Search the entries for the word "Size". Copy every line where it turns up.
START EXCERPTED DATA
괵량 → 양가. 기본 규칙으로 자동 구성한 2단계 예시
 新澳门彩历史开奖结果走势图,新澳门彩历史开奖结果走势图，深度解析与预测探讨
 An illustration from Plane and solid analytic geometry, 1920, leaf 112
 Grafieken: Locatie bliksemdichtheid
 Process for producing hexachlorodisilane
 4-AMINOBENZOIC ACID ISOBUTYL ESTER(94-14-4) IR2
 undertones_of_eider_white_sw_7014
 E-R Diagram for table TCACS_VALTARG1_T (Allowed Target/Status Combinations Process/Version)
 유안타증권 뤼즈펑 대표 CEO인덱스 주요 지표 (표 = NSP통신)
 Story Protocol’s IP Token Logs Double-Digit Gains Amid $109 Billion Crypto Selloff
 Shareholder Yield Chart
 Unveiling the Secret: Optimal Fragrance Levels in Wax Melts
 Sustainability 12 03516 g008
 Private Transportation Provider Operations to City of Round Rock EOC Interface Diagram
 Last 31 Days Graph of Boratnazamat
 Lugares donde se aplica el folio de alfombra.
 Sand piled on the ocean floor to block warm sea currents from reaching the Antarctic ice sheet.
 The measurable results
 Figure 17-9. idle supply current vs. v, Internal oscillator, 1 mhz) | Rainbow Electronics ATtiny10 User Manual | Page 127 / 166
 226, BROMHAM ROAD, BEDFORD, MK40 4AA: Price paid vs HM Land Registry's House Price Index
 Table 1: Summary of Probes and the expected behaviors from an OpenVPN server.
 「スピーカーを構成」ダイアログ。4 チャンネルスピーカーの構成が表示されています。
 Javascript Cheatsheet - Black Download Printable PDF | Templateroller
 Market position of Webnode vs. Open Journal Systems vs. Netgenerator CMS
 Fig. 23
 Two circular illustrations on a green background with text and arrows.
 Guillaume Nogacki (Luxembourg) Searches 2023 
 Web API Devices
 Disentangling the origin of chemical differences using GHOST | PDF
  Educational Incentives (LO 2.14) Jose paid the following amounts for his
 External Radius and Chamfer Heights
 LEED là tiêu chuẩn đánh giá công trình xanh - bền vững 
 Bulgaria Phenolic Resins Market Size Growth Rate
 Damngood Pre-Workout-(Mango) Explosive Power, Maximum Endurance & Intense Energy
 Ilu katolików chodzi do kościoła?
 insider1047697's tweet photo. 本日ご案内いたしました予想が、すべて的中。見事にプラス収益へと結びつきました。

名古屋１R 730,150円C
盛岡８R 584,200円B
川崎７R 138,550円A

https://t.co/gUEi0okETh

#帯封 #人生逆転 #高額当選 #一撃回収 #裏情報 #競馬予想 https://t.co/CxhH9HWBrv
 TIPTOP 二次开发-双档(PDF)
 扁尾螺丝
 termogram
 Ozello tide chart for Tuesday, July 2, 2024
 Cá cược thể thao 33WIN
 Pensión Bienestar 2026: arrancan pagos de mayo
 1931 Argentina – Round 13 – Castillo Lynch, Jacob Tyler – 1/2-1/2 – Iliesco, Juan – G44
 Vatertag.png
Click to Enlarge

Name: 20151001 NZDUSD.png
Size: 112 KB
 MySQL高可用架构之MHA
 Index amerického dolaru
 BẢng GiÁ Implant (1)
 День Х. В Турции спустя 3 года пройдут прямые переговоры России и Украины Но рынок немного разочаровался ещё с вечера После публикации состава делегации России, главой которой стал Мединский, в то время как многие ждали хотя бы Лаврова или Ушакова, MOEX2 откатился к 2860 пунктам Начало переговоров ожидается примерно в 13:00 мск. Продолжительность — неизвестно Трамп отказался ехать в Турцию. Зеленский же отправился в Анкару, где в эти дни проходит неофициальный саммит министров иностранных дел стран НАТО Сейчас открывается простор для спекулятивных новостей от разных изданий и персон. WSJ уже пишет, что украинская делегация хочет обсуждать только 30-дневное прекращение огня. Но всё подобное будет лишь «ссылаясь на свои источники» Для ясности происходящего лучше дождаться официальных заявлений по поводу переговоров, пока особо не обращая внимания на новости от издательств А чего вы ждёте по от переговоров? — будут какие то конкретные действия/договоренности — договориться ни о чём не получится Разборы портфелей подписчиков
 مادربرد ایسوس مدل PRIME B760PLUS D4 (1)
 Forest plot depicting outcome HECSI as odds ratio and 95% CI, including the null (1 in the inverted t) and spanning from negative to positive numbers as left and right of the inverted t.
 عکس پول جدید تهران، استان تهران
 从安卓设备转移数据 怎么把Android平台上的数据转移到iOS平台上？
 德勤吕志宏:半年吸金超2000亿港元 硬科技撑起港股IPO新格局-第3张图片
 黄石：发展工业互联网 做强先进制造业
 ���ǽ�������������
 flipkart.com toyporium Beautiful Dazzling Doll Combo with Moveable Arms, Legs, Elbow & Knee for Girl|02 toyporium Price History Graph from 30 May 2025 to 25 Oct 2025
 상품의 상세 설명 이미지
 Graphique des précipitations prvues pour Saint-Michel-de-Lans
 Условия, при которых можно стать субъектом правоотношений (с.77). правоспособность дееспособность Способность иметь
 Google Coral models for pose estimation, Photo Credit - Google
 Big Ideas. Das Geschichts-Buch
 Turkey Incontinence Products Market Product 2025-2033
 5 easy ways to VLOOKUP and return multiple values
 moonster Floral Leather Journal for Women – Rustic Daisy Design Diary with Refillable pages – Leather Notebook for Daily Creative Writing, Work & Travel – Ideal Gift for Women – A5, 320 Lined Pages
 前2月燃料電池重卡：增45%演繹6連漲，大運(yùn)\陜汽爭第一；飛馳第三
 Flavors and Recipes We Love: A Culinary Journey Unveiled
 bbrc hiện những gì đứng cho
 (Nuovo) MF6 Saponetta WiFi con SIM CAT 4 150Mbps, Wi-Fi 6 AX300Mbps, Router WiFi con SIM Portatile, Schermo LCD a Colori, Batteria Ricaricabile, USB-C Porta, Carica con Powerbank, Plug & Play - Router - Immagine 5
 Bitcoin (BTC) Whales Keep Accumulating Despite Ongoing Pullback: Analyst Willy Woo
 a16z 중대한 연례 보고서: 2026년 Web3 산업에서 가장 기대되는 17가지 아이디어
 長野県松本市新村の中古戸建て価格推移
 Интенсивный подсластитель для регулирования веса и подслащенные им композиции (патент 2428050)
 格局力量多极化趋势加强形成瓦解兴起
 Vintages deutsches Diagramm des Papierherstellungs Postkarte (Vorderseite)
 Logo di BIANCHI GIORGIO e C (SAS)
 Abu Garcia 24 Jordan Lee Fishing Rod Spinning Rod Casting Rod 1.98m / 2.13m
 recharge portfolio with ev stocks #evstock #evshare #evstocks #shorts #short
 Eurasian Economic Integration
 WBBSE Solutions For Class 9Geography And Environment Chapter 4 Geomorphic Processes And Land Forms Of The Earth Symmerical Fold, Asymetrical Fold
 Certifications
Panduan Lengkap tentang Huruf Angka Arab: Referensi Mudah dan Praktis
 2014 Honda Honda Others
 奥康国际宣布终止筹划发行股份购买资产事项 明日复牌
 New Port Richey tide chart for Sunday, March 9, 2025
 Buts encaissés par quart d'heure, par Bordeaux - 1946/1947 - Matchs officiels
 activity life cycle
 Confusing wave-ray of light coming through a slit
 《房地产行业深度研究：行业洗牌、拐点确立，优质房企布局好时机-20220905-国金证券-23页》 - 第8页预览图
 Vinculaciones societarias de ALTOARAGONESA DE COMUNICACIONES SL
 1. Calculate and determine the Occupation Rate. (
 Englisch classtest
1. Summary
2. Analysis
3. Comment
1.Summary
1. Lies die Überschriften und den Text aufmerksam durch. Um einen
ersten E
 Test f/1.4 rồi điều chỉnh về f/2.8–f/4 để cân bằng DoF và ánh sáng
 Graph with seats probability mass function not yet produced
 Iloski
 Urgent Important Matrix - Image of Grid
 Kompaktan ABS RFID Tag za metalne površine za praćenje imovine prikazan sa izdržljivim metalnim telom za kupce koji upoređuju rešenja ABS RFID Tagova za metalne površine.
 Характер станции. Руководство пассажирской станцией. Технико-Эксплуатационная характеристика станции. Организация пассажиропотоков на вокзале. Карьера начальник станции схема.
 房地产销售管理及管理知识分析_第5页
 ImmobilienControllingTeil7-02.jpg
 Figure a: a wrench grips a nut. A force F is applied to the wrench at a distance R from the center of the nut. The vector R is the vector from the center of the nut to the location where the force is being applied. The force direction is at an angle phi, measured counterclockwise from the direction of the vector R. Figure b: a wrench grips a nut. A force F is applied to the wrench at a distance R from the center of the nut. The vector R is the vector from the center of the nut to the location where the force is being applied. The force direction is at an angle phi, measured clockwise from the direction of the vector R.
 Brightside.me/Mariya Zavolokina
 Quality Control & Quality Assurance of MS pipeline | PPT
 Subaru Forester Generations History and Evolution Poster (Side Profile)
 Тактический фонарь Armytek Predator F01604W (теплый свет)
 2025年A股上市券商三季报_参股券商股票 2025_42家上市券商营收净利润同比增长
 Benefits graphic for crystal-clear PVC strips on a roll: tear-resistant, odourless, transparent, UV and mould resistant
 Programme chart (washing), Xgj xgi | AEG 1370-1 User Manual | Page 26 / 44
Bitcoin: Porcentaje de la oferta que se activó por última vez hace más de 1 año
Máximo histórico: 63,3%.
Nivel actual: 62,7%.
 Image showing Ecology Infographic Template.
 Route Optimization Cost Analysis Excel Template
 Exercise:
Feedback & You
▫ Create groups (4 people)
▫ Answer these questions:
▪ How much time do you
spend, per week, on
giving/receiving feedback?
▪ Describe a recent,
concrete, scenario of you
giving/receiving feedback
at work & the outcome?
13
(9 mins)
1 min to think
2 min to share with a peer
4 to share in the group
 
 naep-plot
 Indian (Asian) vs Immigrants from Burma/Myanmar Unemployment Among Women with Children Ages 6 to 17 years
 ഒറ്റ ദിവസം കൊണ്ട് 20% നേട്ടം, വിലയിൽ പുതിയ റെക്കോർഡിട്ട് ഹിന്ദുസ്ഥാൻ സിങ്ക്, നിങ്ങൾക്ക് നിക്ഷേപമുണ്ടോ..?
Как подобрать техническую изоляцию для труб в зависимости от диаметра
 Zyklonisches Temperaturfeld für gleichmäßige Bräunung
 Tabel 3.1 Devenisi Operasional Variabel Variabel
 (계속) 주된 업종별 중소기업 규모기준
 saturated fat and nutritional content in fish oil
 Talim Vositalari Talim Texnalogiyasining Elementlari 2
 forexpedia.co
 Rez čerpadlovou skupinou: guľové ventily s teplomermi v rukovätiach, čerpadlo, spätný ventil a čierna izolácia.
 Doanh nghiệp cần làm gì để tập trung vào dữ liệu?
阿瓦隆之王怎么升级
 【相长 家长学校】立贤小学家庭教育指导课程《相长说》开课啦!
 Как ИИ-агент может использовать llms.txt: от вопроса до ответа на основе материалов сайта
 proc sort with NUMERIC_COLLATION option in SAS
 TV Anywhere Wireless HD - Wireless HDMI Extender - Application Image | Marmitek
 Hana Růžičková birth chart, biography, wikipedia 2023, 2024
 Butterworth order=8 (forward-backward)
END EXCERPTED DATA
• **ANSWER TO THIS EXERCISE**
 Bulgaria Phenolic Resins Market Size Growth Rate
Size: 112 KB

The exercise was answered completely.